### PROBLEM DESCRIPTION:
Transcribe exactly every line from the one with "Jouw tekst |" to the last line of the listing below, including both.

### PROVIDED RECORDS:

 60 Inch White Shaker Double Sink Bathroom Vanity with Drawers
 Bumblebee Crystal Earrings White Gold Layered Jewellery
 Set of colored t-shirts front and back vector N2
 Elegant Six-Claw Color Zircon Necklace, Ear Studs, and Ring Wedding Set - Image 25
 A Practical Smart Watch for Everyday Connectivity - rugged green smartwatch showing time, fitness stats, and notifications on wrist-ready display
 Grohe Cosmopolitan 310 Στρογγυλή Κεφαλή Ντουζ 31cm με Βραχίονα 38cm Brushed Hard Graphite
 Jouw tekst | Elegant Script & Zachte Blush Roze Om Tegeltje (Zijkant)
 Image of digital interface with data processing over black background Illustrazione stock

### OUTPUT OF THE EXERCISE:
 Jouw tekst | Elegant Script & Zachte Blush Roze Om Tegeltje (Zijkant)
 Image of digital interface with data processing over black background Illustrazione stock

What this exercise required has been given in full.